Economic_data <- aggregate(cbind(PROPDMGTOTAL, CROPDMGTOTAL) ~ EVTYPE, data =   mainEvents, FUN=sum)
Economic_data$ECONOMIC_LOSS <- Economic_data$PROPDMGTOTAL + Economic_data$CROPDMGTOTAL
Economic_data <- Economic_data[order(Economic_data$ECONOMIC_LOSS, decreasing = TRUE), ]
Top10_events_economy <- Economic_data[1:10,]
knitr::kable(Top10_events_economy, format = "markdown")
EVTYPE PROPDMGTOTAL CROPDMGTOTAL ECONOMIC_LOSS
48 FLOOD 143944833550 4974778400 148919611950
88 HURRICANE/TYPHOON 69305840000 2607872800 71913712800
141 STORM SURGE 43193536000 5000 43193541000
149 TORNADO 24616945710 283425010 24900370720
66 HAIL 14595143420 2476029450 17071172870
46 FLASH FLOOD 15222203910 1334901700 16557105610
86 HURRICANE 11812819010 2741410000 14554229010
32 DROUGHT 1046101000 13367566000 14413667000
152 TROPICAL STORM 7642475550 677711000 8320186550
83 HIGH WIND 5247860360 633561300 5881421660

Results

Once we have the two tables needed to assess the effect of events in population and in economical loss, we can plot the results using a barplot:

library(ggplot2)
g <- ggplot(data = healthData[1:10,], aes(x = reorder(EVTYPE, PEOPLEAFFECTED), y = PEOPLEAFFECTED))
g <- g + geom_bar(stat = "identity", colour = "black")
g <- g + labs(title = "Total people loss in USA by weather events in 1996-2011")
g <- g + theme(plot.title = element_text(hjust = 0.5))
g <- g + labs(y = "Number of fatalities and injuries", x = "Event Type")
g <- g + coord_flip()
print(g)

we can conclude form the graph that the events that affected the most amount of people were TORNADO and EXCESSIVE HEAT.

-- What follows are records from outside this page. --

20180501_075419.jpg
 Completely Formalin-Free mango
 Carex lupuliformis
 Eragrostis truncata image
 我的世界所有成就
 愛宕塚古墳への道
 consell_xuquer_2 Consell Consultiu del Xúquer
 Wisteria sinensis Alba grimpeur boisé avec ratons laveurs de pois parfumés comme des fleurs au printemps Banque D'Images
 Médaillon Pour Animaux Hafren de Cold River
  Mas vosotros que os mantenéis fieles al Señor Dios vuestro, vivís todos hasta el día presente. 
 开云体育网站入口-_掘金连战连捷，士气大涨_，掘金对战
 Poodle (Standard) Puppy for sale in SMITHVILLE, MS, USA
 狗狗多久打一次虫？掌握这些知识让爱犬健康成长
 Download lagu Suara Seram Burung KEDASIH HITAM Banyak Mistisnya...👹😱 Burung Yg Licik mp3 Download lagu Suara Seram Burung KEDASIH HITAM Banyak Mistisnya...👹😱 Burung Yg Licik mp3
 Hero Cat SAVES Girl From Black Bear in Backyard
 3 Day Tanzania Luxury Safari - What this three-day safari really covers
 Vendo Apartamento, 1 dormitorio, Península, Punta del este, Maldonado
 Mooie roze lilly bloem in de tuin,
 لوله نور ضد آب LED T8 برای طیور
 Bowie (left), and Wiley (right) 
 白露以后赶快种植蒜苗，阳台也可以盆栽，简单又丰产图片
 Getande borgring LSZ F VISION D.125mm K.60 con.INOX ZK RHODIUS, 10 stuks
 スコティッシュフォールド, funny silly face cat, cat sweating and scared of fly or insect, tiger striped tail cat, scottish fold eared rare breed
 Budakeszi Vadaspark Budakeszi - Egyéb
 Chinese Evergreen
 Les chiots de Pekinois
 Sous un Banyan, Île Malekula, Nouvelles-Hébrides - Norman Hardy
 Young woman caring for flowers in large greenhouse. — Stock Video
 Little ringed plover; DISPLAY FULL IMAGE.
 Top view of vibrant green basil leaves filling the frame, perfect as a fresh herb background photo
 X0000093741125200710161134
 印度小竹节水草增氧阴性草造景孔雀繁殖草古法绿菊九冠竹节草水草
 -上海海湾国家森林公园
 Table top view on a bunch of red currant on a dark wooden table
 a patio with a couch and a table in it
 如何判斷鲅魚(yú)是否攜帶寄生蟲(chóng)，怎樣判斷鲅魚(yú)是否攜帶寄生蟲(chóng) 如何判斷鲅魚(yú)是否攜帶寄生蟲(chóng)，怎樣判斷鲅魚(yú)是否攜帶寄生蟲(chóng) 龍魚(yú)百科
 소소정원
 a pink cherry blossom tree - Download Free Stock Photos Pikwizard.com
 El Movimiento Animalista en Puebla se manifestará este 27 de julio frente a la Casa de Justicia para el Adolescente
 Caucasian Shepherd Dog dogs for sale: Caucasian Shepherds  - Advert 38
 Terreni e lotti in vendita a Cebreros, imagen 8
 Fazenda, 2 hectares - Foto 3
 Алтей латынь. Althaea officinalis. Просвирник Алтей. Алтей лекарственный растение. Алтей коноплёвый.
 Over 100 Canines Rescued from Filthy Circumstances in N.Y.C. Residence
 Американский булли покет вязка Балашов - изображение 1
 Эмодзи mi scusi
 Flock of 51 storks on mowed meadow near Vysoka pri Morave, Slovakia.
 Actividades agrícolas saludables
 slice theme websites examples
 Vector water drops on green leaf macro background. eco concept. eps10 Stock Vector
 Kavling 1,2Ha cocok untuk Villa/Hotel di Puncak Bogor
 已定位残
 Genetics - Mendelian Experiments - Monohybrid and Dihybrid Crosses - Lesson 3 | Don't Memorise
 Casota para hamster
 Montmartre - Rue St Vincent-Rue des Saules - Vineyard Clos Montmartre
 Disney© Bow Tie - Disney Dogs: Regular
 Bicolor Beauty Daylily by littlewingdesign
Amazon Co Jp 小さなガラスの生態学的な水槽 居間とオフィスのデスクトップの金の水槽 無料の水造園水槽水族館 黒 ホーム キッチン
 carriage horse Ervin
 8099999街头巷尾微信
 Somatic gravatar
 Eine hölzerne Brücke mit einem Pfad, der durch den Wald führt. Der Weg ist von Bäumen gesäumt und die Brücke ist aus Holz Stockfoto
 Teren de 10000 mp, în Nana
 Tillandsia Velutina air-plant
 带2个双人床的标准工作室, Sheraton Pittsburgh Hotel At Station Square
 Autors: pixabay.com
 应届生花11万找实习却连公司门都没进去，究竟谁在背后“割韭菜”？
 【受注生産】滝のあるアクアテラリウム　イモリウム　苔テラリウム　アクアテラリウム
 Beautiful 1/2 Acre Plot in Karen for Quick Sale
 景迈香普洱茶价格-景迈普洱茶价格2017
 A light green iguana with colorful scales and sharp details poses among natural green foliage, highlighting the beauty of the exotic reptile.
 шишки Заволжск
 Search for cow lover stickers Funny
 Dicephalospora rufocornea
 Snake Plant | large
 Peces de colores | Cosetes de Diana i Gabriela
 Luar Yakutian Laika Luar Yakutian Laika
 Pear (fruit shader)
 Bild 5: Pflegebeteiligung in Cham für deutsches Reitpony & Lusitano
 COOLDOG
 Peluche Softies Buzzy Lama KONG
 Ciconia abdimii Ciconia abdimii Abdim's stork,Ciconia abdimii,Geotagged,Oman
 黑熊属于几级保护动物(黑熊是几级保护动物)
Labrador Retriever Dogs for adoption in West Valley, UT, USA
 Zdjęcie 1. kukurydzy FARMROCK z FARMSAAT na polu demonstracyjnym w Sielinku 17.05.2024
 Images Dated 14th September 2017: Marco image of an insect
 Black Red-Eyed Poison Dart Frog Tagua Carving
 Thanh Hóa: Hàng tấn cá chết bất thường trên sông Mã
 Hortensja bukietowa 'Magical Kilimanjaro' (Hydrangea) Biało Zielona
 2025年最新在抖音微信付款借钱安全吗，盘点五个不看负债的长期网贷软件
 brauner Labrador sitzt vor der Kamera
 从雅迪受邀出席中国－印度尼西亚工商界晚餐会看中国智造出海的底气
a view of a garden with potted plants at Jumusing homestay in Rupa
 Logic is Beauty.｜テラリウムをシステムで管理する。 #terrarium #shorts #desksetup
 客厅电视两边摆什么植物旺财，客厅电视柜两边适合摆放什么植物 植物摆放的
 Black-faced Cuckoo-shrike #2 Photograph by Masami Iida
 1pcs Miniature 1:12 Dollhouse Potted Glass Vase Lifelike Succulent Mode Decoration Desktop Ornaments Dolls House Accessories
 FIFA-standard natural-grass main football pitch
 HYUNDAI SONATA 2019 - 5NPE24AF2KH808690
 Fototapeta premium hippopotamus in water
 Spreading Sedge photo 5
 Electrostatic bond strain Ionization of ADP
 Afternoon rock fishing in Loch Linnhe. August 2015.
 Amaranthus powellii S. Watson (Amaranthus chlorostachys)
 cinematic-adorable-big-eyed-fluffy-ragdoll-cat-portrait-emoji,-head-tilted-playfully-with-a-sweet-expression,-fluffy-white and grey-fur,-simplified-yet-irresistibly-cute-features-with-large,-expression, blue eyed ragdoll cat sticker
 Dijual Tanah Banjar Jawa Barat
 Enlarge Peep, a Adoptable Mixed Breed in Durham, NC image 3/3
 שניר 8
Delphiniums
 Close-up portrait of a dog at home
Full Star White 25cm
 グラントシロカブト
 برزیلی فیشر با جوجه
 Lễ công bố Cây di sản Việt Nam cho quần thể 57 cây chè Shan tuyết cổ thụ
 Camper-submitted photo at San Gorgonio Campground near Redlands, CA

g <- ggplot(data = Economic_data[1:10,], aes(x = reorder(EVTYPE, ECONOMIC_LOSS), y = ECONOMIC_LOSS))
g <- g + geom_bar(stat = "identity", colour = "black")
g <- g + labs(title = "Total economic loss in USA by weather events in 1996-2011")
g <- g + theme(plot.title = element_text(hjust = 0.5))
g <- g + labs(y = "Size of property and crop loss", x = "Event Type")
g <- g + coord_flip()
print(g)

And from the economic loss assessment graph we can conlude thet the events that affected the most to society in terms of economy were flood and hurrycane/typhoon.